Croz Walsh | Croz Walsh blog
Mining, and especially opencast and submarine mining, always raises issues that only specialists can answer. A new mine will create jobs, royalties for landowners, income for shareholders, tax revenue for government, and put more money in the local economy. But the main benefactors are usually the mining companies that send much of their profits offshore, and the mine may also create costly environmental hazards that far exceed its benefits.
This is the dilemma that Fiji now faces as it seeks economic growth in a depressed global economy. To flourish, it cannot continue to rely on tourism, a recuperating sugar industry, and smaller contributions from remittances, garment manufacturing, timber and Vatukoula gold. The new focus on mining, if successful, will greatly assist Fiji’s economic recovery.
Namosi Copper and Gold
The Tui Namosi has called the proposed copper and gold mine in Namosi “a blessing” but environmental groups and some landowners are far from convinced. The Country Manager of Namosi Joint Venture, Greg Morris, assured the Namosi Provincial Council yesterday that no cyanide or mercury will be used to produce copper concentrate from the ore. The project still requires landowner and government permission to go ahead, and the company is currently completing project studies and an Environmental Impact Assessment report for landowner and government approval.

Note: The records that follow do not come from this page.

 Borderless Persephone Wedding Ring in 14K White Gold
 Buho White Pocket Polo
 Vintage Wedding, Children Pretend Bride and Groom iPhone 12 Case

Meanwhile, villagers have already benefited by a $520,000 grant for students from Namosi and tikina Waidina students wishing to pursue tertiary education, from community and infrastructure development programmes paid for by the Joint Venture, and $200,000 have been paid to landowners this year during the exploration programme. Two thousand jobs will be generated if the construction of the mine goes ahead.
Bua Bauxite Mine
The newly opened bauxite mine in Bua province, Vanua Levu, worked by Xinfa Aurum currently employs 150 permanent and and 250 seasonal workers. Landowners have so far received close to $20,000 a year for leases and $250,000 for compensation. Mine Manager Vanuaca Basilio says about $2,000,000 in revenue is generated into the economy every month.
Ba River Ironsands
Yet another project is the dredging of ironsands from the Ba River that are to be shipped to Lautoka for export. Australian miner Amex Resources employs 300 people and is estimated to remain profitable for up to 21 years. Dredging will help minimise flood damage but the flip side is that it could also adversely affect fishing and the mangrove ecosystem.
Anti-government blogger Navosavakadua in FijiToday says the company’s 91% internal rate of return is “unconscionable” when 30% is the usual rates hoped for by companies investing in developing countries. He says “the illegal regime was practically giving away the nation’s resources.” I have no way of accessing his claim.
Gold at Wainivesi and Mt Kasi
Two further developments are the small gold mine at Wainivesi near Suva and the reopening of the Mt Kasi gold mine in Vanua Levu.
Whether any or all of these ventures turn out to be “blessings” is too early to call.